Lebanese American singer and media pioneer Virginia Atter Keys helped introduced Jacksonville to television. Beginning in 1949, when few families owned sets, Keys hosted TV and radio programs for over 40 years, often alongside co-host Dick Stratton.

Tommy Hazouri

Today, Jacksonville’s most recognizable Arab American is undoubtedly Tommy Hazouri, Mayor from 1987-1991. Growing up above his Lebanese family’s Liberty Street grocery, Hazouri has been a prolific public servant for over 40 years. He currently sits on the City Council after winning a landslide victory in 2015, and has also been a State Representative and a School Board Representative.

Sam Mousa

Palestinian American Sam Mousa is currently Jacksonville’s Chief Administrative Officer under Mayor Lenny Curry. Mousa has served in various capacities under five mayors, gaining a reputation as a hard-driving defender of the public trust. Others prominent in public service include Angela Corey, the first woman elected State Attorney in Jacksonville, and Rick Mullaney, a son of Syrian and Irish parents who served under the State Attorney and three mayors, and currently heads Jacksonville University’s Public Policy Institute. In the fields of business, law, and medicine, locally familiar names like Bateh, Bajalia, Farah, Sleiman, Salem, Solomon, Isaac, Demetree and Rukab all have Arab roots.

Cultural Contributions

A camel rider from Jacksonville chain The Sheik

Perhaps the Arab community’s most conspicuous contribution has been the city’s ubiquitous Middle Eastern restaurants, delis, sandwich shops, and bars found in nearly every neighborhood.

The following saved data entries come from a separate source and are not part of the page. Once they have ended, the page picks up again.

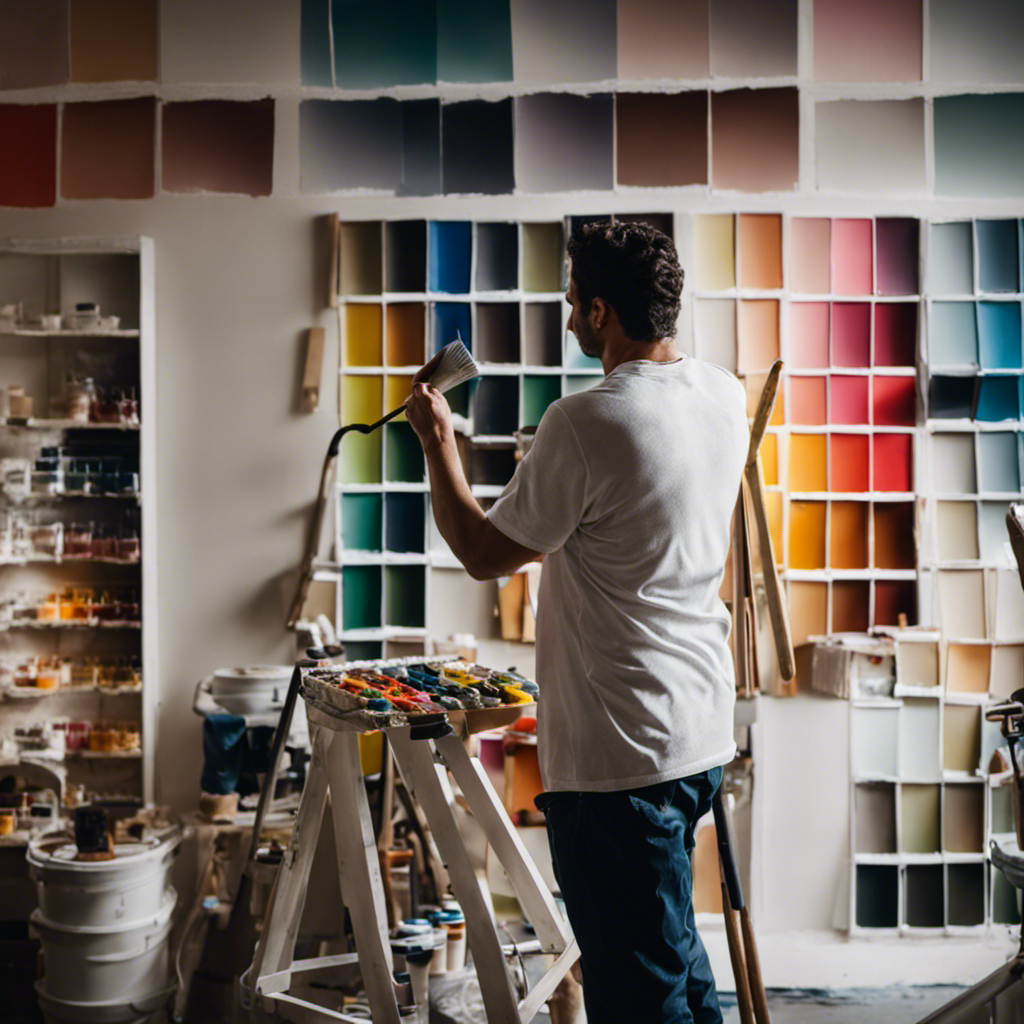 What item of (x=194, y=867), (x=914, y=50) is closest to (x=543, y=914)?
(x=194, y=867)

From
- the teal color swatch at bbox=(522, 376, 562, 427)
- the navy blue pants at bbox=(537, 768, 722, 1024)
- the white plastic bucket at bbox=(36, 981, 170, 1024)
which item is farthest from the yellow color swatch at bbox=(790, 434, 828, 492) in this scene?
the white plastic bucket at bbox=(36, 981, 170, 1024)

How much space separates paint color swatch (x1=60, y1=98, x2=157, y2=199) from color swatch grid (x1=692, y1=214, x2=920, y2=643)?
77.9 inches

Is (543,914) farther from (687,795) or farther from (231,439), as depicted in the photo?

These restaurants have given Jacksonville its most distinctive food product, the camel rider. Also called the desert rider or simply rider, it was created here in the 1960s. A quick, flavorful lunchtime dish for working people, a traditional rider consists of ham, salami, bologna and sandwich fixings stuffed into a pita, and comes with a side of tabbouleh and a cherry limeade. Today over 50 local restaurants serve riders, and they’ve spread to a few other cities.

Syrians and other Arab Americans have contributed much to Jacksonville, and the city has benefited immensely by creating a welcoming environment for them. This is a tradition worth preserving: a Jacksonville without riders would be no Jacksonville at all.